I'm certainly not the first to observe this strange paradox, and I won't be the last, but it seems that the release schedule of new Muslimgauze albums has somehow increased exponentially since the death of Bryn Jones. Every month since Jones' untimely passing has brought at least one new release to his already preposterous discography, often two or three. At this stage, I'm actually having a hard time believing that even the absurdly prolific Bryn Jones committed this much unreleased material to tape before his demise. By this point, Gauze might actually have crossed that Biggie Smalls milestone, having released more albums posthumously than those released during his life. I have to admit however, perusing the newly released 77-minute Alms For Iraq on Soleilmoon, it's hard to say who else could have produced this music other than the singular Muslimgauze.Soleilmoon
Multiple tracks of sampled rhythms abruptly explode out of nowhere, spraying violent distortion across layers of interwoven samples of Arabic music. Scattershot, sweltering tabla rhythms are suddenly phased and mutated across the stereo channels, with moments of arrhythmic hiccupping and digital blurring maintaining a consistently aggressive, intense atmosphere. "Pale Elegant Egyptian" sounds like something Coil might have recorded for Horse Rotorvator, a mysterious Nubian folk loop matched with a pounding, hashish-filtered industrial rhythm. For most of the album, the dials are turned all the way up in an effort to push the distortion into the red zone, so many of the beats converge into a thick amorphous cloud of smoke. Dub techniques are utilized in unique ways, quiet passages that serve as the quiet before the storm, giving way to machine gun rhythms and fiery distortion. For those masochistic enough to be Gauze completists, the quality of the music on this disc is pretty much irrelevant: no doubt you've already purchased this. For those who enjoy only the occasional dip into this artists' imposing catalog, however, I can guardedly recommend Alms For Iraq as one of the better examples of late-period Muslimgauze. One thing that stands out about this release is the packaging: a tall cardboard wallet with six panels of disturbing images culled from alternative media websites dedicated to publicizing the ongoing atrocities in Iraq and Palestine. It's well-known that Bryn Jones was deeply moved by the plight of the disenfranchised Palestinians, and I would further conjecture that he felt his music could serve as audio terrorism, a series of violent missives to spread a message of an oppressed group of people. The cover image shows bare Arabic feet above a pair of sandals bearing the words "ISRAEL" and "USA." To the uninitiated, this might seem like a plea for tolerance and unity, until you realize that for Arabs, anything that touches the bottom of their feet is vile and unclean. One thing that Israel and the Western allies seem unable or unwilling to understand is that the "war on terrorism" will never be won. Terrorism is the symptom, not the disease itself. Anyone at the CDC would agree that the cause of an epidemic must be attacked, not its symptoms. Terrorism is the last brutal resort of a people who have no other voice, but refuse to surrender.

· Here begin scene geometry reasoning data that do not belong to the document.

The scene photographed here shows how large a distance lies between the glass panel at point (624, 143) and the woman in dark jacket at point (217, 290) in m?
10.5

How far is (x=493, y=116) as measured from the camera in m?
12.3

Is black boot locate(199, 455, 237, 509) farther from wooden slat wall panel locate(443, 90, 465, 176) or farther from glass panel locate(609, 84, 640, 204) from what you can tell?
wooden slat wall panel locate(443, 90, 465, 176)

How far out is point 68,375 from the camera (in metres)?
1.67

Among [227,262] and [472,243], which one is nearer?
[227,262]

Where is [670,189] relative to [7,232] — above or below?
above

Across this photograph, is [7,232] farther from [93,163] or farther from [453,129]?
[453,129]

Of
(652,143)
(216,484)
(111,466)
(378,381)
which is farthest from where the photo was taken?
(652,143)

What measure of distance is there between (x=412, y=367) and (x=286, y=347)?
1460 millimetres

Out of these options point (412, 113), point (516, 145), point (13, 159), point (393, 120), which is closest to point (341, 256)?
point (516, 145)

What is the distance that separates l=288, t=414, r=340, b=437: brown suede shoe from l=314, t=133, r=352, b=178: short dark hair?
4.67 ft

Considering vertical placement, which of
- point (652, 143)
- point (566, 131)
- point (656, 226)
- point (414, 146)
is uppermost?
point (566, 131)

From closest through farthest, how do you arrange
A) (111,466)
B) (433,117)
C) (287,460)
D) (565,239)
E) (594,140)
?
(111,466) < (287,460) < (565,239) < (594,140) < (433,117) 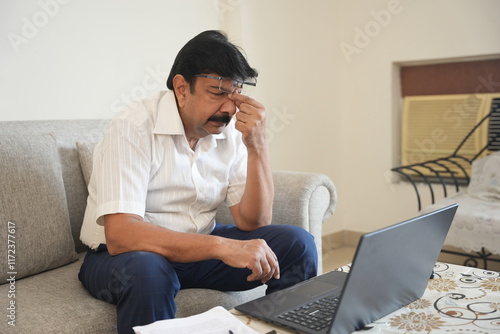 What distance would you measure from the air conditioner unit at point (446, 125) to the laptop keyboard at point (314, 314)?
2.25 metres

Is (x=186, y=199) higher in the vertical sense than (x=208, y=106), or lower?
lower

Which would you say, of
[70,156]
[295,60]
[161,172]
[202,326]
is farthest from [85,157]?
[295,60]

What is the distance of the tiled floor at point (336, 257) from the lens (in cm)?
323

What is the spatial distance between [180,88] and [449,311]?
98 centimetres

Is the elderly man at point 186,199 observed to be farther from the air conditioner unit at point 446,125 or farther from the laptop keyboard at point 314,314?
the air conditioner unit at point 446,125

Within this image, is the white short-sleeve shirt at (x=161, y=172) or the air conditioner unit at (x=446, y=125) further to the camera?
the air conditioner unit at (x=446, y=125)

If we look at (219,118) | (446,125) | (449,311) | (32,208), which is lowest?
(449,311)

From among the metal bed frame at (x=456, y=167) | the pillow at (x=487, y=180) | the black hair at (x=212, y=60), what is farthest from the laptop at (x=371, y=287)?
the metal bed frame at (x=456, y=167)

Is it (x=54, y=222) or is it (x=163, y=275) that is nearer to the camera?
(x=163, y=275)

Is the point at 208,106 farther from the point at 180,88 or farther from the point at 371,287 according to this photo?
the point at 371,287

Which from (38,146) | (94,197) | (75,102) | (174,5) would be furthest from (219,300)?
(174,5)

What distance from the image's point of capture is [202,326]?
41.6 inches

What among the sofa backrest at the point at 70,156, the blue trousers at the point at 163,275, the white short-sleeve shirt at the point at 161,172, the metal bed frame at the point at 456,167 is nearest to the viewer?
the blue trousers at the point at 163,275

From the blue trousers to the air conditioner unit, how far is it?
1.86m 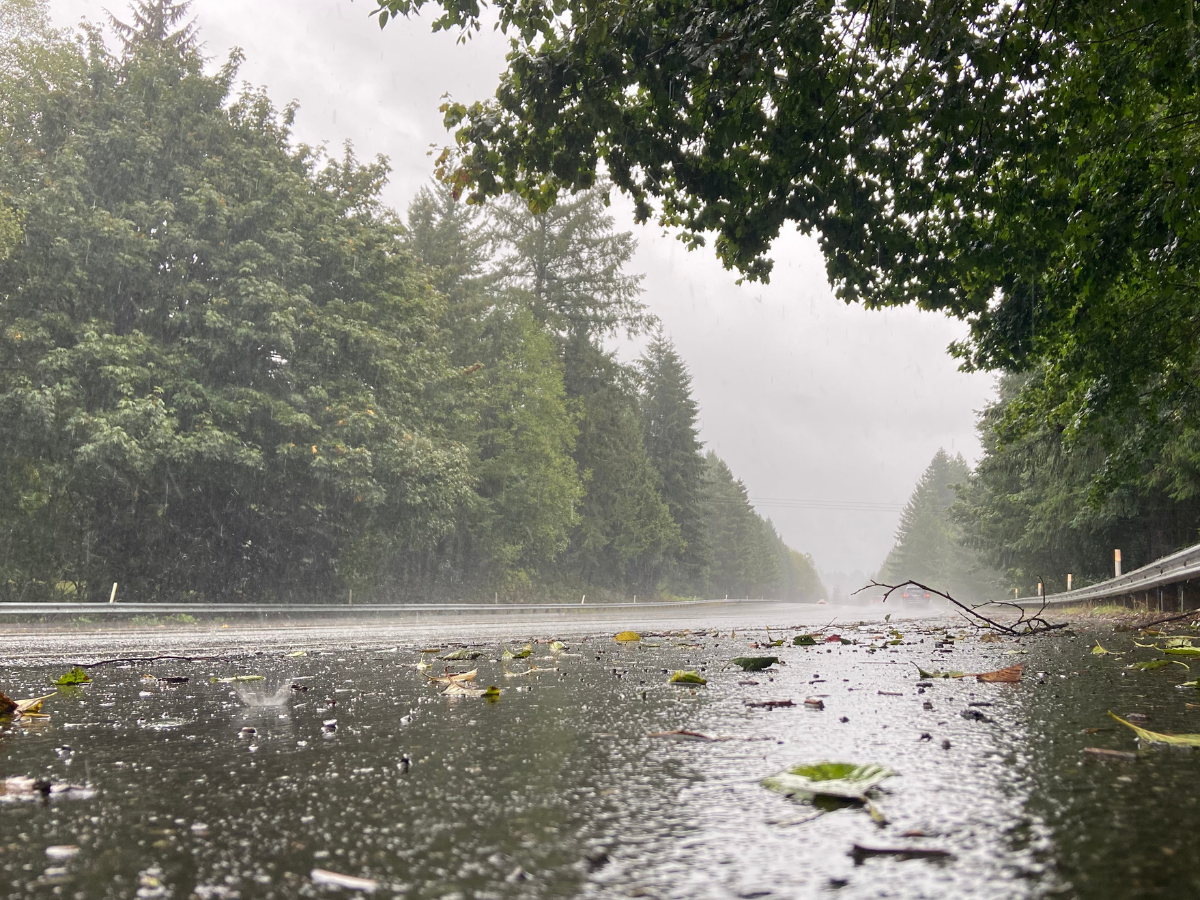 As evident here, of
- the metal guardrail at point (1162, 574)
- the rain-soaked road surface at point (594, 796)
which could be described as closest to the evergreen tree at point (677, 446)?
the metal guardrail at point (1162, 574)

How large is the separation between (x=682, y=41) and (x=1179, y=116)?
411 cm

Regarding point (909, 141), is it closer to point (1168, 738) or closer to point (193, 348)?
point (1168, 738)

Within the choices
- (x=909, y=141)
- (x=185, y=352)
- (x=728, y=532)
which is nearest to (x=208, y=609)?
(x=185, y=352)

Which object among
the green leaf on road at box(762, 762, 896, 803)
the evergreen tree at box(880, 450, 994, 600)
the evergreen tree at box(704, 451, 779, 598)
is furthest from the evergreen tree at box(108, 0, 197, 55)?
the evergreen tree at box(880, 450, 994, 600)

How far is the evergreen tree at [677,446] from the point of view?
58.8 meters

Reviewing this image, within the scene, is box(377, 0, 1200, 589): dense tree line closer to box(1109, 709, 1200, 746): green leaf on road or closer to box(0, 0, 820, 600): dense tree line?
box(1109, 709, 1200, 746): green leaf on road

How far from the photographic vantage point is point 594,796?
1.86m

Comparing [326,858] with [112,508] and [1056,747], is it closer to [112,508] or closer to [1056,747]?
[1056,747]

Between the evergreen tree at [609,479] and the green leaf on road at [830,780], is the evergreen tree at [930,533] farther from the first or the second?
the green leaf on road at [830,780]

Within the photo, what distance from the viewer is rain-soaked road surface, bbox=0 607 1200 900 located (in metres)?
1.32

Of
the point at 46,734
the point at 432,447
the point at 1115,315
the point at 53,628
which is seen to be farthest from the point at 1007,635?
the point at 432,447

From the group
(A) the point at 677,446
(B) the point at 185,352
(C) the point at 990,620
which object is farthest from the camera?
(A) the point at 677,446

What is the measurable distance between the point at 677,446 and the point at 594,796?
57.7 meters

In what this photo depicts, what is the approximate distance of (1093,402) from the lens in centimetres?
906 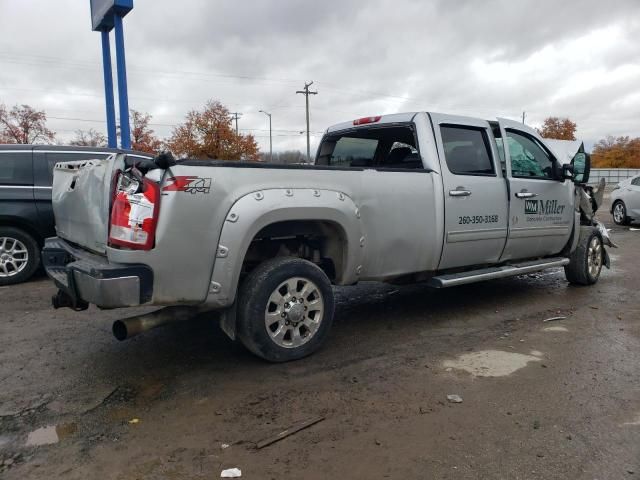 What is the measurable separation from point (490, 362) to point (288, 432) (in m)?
1.80

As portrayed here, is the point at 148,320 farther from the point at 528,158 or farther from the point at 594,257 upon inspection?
the point at 594,257

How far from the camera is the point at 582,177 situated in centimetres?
586

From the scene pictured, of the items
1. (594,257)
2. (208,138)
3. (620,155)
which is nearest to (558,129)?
(620,155)

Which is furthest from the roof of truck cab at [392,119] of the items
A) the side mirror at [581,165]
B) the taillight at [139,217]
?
the taillight at [139,217]

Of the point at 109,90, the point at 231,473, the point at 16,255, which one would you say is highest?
the point at 109,90

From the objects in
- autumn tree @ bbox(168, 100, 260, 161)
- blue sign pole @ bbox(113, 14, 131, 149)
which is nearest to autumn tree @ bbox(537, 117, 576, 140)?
autumn tree @ bbox(168, 100, 260, 161)

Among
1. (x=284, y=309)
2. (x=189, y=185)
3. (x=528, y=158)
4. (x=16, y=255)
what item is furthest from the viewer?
(x=16, y=255)

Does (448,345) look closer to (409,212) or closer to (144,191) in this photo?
(409,212)

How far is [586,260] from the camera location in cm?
634

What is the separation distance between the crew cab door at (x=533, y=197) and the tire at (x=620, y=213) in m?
9.43

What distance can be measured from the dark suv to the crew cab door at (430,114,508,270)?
13.4ft

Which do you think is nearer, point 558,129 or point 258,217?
point 258,217

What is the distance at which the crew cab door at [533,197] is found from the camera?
17.4 ft

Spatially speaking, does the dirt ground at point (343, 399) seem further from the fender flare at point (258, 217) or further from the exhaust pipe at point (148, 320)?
the fender flare at point (258, 217) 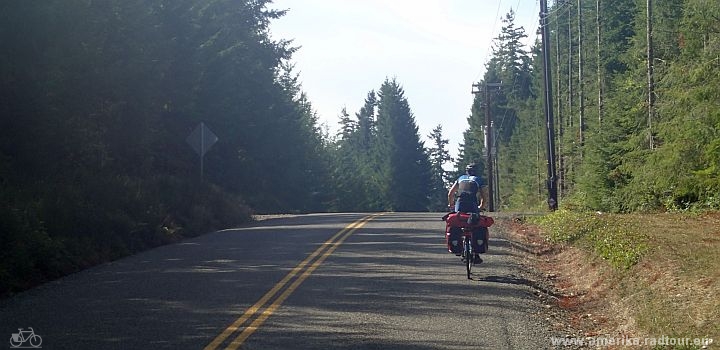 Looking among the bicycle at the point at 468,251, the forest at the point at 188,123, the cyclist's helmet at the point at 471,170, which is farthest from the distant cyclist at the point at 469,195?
the forest at the point at 188,123

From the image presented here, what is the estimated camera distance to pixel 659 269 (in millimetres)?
14352

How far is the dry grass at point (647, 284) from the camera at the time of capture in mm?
10922

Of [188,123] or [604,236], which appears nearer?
[604,236]

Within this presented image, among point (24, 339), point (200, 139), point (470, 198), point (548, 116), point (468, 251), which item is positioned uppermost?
point (548, 116)

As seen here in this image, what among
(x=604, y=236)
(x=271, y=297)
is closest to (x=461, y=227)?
(x=604, y=236)

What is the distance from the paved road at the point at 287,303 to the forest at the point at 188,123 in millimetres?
1845

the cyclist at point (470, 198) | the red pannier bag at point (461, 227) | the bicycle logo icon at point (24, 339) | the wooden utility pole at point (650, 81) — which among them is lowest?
the bicycle logo icon at point (24, 339)

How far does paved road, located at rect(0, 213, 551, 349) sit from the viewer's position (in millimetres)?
11023

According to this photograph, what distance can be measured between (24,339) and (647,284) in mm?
8776

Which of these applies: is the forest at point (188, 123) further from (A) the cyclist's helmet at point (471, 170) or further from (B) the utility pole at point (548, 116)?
(A) the cyclist's helmet at point (471, 170)

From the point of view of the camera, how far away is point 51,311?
42.1 feet

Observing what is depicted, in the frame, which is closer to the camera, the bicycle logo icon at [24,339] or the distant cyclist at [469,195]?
the bicycle logo icon at [24,339]

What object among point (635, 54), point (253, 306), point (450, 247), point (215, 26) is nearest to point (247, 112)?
point (215, 26)

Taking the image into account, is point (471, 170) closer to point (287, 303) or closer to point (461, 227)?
point (461, 227) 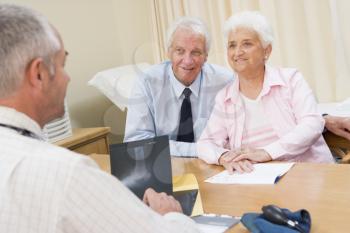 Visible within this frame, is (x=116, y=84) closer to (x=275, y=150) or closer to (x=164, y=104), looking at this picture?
(x=164, y=104)

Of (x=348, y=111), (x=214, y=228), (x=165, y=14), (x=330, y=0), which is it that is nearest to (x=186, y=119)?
(x=348, y=111)

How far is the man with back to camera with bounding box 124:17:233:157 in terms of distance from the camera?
2.00 m

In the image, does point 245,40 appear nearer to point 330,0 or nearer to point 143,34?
point 330,0

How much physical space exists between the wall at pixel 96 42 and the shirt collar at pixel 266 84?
150 cm

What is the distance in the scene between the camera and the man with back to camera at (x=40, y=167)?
2.07ft

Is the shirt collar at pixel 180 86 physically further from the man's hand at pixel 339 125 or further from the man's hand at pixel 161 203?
the man's hand at pixel 161 203

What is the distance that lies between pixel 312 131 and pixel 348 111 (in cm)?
68

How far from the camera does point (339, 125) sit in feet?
5.73

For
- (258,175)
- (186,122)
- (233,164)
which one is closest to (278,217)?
(258,175)

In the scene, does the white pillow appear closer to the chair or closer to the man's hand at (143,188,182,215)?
the chair

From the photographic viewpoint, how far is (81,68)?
306 cm

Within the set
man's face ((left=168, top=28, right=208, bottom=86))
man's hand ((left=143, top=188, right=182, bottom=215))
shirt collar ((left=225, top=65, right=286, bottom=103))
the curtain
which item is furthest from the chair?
man's hand ((left=143, top=188, right=182, bottom=215))

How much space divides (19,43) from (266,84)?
4.01 feet

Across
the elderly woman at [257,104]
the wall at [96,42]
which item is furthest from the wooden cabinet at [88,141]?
the elderly woman at [257,104] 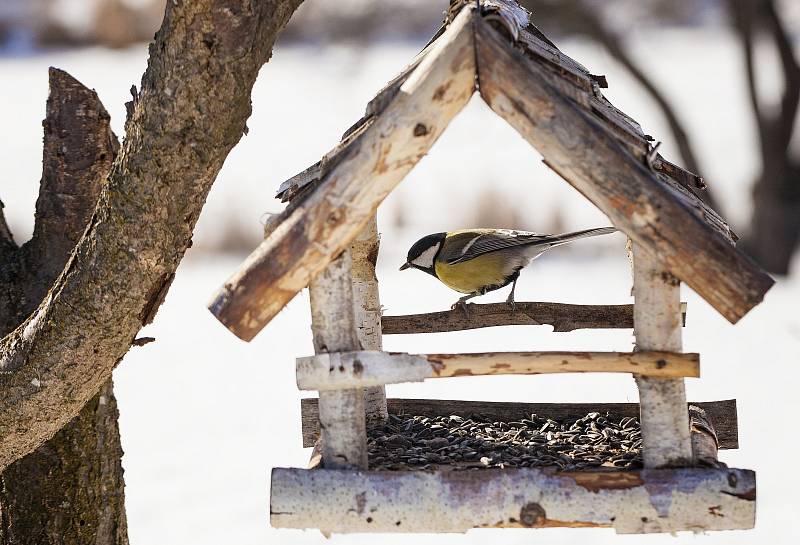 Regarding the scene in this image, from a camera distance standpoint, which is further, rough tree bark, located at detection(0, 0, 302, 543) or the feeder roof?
rough tree bark, located at detection(0, 0, 302, 543)

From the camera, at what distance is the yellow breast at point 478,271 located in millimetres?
4371

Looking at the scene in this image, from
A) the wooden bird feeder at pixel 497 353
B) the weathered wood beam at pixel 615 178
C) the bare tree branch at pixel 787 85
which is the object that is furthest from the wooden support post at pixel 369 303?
the bare tree branch at pixel 787 85

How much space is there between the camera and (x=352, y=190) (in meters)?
2.53

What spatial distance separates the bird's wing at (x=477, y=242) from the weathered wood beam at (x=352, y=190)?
1.75m

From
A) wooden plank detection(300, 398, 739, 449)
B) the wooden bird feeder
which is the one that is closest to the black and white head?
wooden plank detection(300, 398, 739, 449)

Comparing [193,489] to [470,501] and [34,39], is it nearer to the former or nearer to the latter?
[470,501]

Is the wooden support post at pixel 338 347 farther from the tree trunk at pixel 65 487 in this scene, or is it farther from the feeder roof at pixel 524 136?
the tree trunk at pixel 65 487

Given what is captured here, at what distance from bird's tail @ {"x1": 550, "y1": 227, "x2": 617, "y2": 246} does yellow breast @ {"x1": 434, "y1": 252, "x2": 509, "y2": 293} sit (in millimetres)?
342

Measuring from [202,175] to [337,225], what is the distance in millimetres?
617

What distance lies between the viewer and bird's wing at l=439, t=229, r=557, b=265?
14.0ft

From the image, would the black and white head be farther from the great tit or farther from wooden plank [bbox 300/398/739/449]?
wooden plank [bbox 300/398/739/449]

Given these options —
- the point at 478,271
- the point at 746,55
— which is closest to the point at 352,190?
the point at 478,271

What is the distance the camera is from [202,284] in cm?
1162

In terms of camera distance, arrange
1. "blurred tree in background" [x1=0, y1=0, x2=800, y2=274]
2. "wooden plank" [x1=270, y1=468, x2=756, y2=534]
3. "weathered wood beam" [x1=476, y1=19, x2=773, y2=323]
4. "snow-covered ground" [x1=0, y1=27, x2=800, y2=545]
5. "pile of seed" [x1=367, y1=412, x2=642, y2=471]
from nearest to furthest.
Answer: "weathered wood beam" [x1=476, y1=19, x2=773, y2=323] < "wooden plank" [x1=270, y1=468, x2=756, y2=534] < "pile of seed" [x1=367, y1=412, x2=642, y2=471] < "snow-covered ground" [x1=0, y1=27, x2=800, y2=545] < "blurred tree in background" [x1=0, y1=0, x2=800, y2=274] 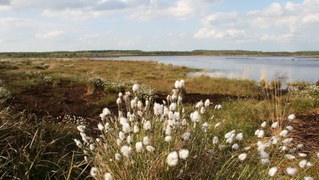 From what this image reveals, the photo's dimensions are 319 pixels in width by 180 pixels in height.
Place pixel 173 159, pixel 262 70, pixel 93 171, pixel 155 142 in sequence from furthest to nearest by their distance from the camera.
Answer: pixel 262 70
pixel 93 171
pixel 155 142
pixel 173 159

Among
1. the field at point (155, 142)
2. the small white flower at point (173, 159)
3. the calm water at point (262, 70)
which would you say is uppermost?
the small white flower at point (173, 159)

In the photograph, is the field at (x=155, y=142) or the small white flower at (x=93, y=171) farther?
the small white flower at (x=93, y=171)

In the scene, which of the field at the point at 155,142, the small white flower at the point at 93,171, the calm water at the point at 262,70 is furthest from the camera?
the calm water at the point at 262,70

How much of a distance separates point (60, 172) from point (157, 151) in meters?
1.96

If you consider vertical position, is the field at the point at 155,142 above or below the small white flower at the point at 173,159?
below

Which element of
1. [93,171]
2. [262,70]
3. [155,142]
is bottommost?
[262,70]

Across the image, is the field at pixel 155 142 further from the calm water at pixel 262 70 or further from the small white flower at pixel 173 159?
the calm water at pixel 262 70

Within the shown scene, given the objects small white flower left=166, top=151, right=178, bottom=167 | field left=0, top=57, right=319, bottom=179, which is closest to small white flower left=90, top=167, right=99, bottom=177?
field left=0, top=57, right=319, bottom=179

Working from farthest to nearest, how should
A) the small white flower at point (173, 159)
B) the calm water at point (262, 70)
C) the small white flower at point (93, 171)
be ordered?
the calm water at point (262, 70) < the small white flower at point (93, 171) < the small white flower at point (173, 159)

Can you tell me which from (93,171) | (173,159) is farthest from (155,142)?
(173,159)

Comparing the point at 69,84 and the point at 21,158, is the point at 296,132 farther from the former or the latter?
the point at 69,84

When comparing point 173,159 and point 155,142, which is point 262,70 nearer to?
point 155,142

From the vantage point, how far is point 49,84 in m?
18.7

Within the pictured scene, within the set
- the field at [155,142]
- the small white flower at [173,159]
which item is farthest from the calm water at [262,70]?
the small white flower at [173,159] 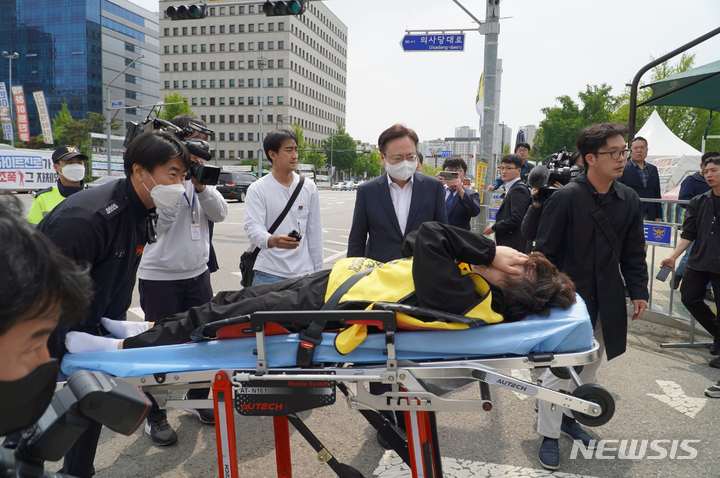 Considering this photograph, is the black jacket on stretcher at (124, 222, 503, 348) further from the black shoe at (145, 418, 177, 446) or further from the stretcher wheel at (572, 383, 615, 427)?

Those expecting Black Dice to travel further in the trajectory suggested by the beat-infused abrasiveness of Cone Toaster will no doubt be disappointed by Miles of Smiles. Black Dice's newest 12" on DFA is not very similar to the material on the aforementioned EP, and it doesn't share much in common with the blissful psychedelic clamor of their Beaches and Canyons album, either. It's something else entirely, an unexpected tangent into the realm of sampling and tape music.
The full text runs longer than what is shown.